Through the newspapers, a nationalistic rebellion was slowly being pieced together through words and symbols.
The circulation of papers during the early period never exceeded a hundred or two hundreds. These journals usually aimed to cater to the intellectual entertainment of the Europeans and the Anglo Indians. There was hardly any danger of public opinion being subverted in India.
What really worried these Company’s officers was the apprehension that these newspapers might reach London and expose their misdoings to the Home authorities. In the absence of press laws, the newspapers were at the mercy of the Company’s officials. The Government sometimes enforced pre-censorship, sometimes deported the offending editor for anti-government policies
The Censorship of the Press Act, 1799
Lord Wellesley imposed severe censorship on all newspapers. The Censorship of the Press Act, 1799, imposed almost wartime restrictions on the press. These regulations required:
- The newspaper was to clearly print in every issue the name of the printer, the editor and the proprietor.

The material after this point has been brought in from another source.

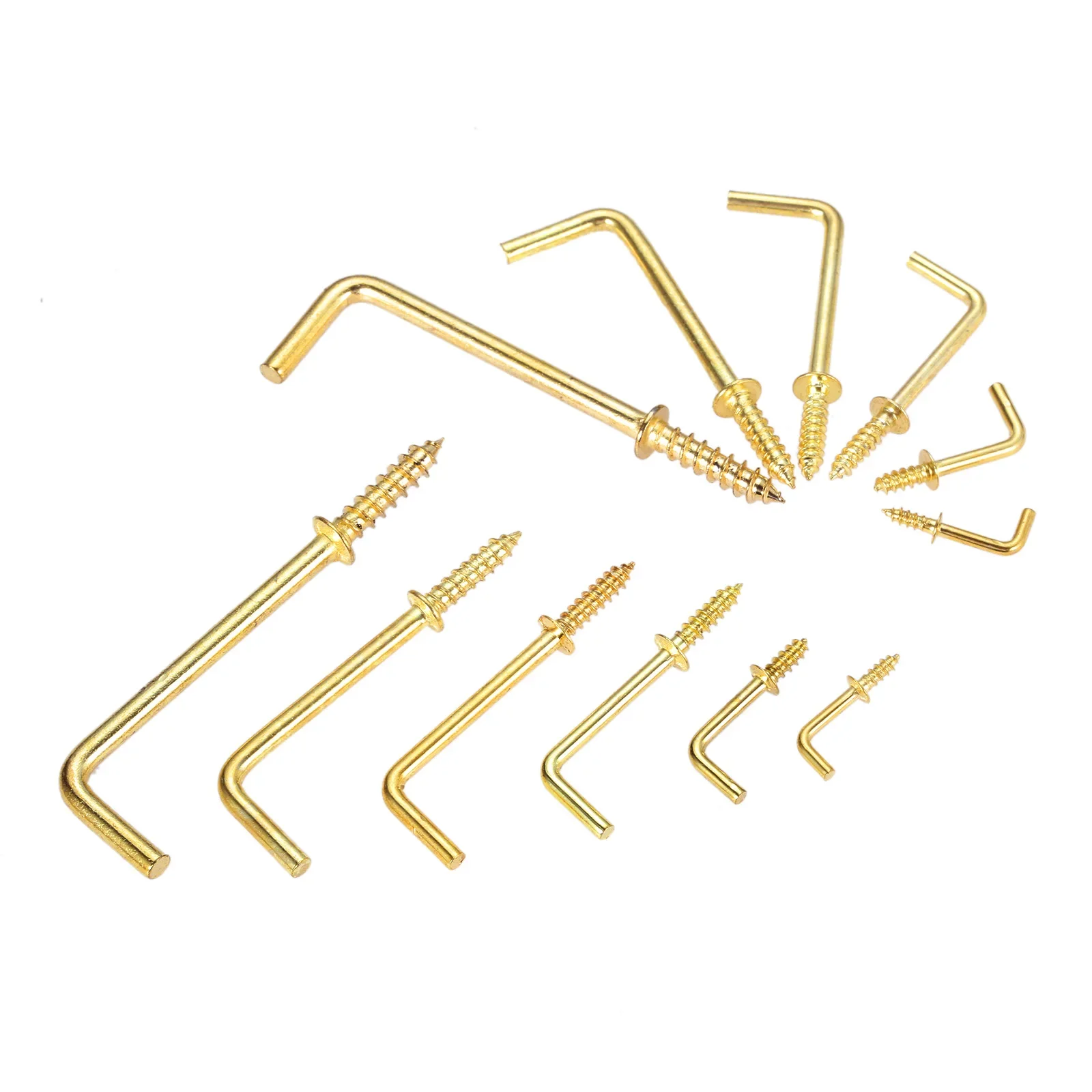 10/20pcs 7-style Metal Hook L-shape Golden Screw-in Hanger 17/25/37/47/54mm Wood Wall Mounted Photo Frame Kitchen Garden Outdoor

- The publisher was to submit all material for pre-censorship to the Secretary to the Government.
- The breach of these rules was punishable with immediate deportation.
In 1807 the Censorship Act was extended to cover journals, pamphlets and even books. The relaxation of press restrictions came under Lord Hastings.
Licensing regulation Act, 1823
Adams’s brief administration of seven months was marked by great energy, but it is remembered only by his illiberal proceedings against the press, and his vindictive persecution of Mr. Buckingham, who had come out to Calcutta in 1818, and established the “Calcutta Journal.” It was the ablest newspaper which had ever appeared in India, and gave a higher tone and a deeper interest to journalism.
The editor, availing himself of the liberty granted to the press by Lord Hastings, commented on public measures with great boldness, and sometimes with a degree of severity which was considered dangerous.
But the great offence of the Journal consisted in the freedom of its remarks on some of the leading members of Government. They had been nursed in the lap of despotism, and their feelings of official complacency were rudely disturbed by the sarcasms inflicted on them.